Sarcospan is naturally present in muscle, but Dr. Crosbie’s laboratory showed that increasing its amount can convey a protective effect on skeletal and cardiac muscle in mice with muscular dystrophy. Her team has recently identified a set of small molecules that increase the levels of sarcospan, and with support from the MVP award, she will chemically optimize these lead compounds and test them in DMD mice and DMD human cells. Cynthia Shu, the graduate student in Dr. Crosbie’s lab who performed the high-throughput screen to identify the sarcospan-enhancing compounds, was motivated to pursue the project after her family was personally affected by muscular dystrophy. If successful, this work may lead to the development of a novel drug that could slow the loss of function in limb muscles, respiratory muscles, and heart.

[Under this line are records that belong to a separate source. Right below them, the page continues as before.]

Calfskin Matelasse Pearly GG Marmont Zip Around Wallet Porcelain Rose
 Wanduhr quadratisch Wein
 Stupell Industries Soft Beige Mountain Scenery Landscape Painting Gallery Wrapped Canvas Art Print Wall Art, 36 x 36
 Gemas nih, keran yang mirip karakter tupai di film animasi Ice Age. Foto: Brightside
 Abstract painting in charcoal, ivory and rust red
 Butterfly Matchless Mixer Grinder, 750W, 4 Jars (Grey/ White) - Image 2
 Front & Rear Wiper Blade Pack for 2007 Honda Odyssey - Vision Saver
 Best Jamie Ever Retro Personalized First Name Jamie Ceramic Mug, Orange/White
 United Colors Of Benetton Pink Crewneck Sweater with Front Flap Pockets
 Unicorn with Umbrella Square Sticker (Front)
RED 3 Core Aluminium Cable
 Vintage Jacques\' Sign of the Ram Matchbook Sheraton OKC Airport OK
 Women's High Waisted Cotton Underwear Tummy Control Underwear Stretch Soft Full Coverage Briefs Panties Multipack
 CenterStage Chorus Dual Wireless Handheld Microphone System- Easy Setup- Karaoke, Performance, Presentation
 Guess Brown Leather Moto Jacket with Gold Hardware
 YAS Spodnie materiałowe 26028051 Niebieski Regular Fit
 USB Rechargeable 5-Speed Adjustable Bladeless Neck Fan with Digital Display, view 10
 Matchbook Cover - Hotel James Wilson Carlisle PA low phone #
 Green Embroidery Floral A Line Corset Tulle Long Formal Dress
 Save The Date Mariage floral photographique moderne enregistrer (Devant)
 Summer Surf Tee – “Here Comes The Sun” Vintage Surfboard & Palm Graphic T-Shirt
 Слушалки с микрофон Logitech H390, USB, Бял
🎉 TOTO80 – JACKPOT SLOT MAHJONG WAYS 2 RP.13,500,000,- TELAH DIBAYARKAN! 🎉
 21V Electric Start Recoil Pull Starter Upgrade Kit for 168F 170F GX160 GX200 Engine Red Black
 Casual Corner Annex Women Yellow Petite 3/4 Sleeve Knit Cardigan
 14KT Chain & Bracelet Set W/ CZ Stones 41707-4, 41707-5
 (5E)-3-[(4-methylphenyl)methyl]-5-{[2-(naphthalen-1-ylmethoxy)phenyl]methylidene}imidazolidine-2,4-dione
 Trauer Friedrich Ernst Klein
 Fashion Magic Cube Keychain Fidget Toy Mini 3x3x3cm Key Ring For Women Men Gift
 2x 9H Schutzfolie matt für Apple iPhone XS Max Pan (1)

“We hope to identify a pre-clinical candidate that will treat DMD by boosting sarcospan levels,” Dr. Crosbie says. “We also want to learn more about how our lead compounds target sarcospan in muscle cells so we can design better, more effective drugs.”
MDA funding helps lead to discovery
“The MDA has supported our research on sarcospan for over two decades, starting with my postdoctoral fellowship in 1996,” Dr. Crosbie says. “It has been a long road of basic science research to establish sarcospan as a target for DMD, and the MDA has been instrumental during this journey. It is exciting to be at this stage of developing drugs that enhance sarcospan.”
In addition to the fellowship award in 1996 and the current MVP award, in the intervening time MDA awarded Dr. Crosbie several grants, two of which totaled $600,000, to evaluate sarcospan as a potential drug target for Duchenne and other muscular dystrophies. As part of that work, Dr. Crosbie showed that increasing the level of sarcospan in dystrophic mice protects the skeletal and heart muscle from damage and increases the abundance of other membrane-stabilizing proteins, including integrin and utrophin.
Recently, her lab screened 200,000 different drugs to find the specific drugs that increase sarcospan in muscle cells. Her current work will further develop and optimize the lead compounds for treatment of DMD.
“At the moment, our primary goal is to create a treatment for DMD,” Dr. Crosbie says. “However, this research may benefit other neuromuscular diseases because sarcospan appears to have a protective effect in muscle.”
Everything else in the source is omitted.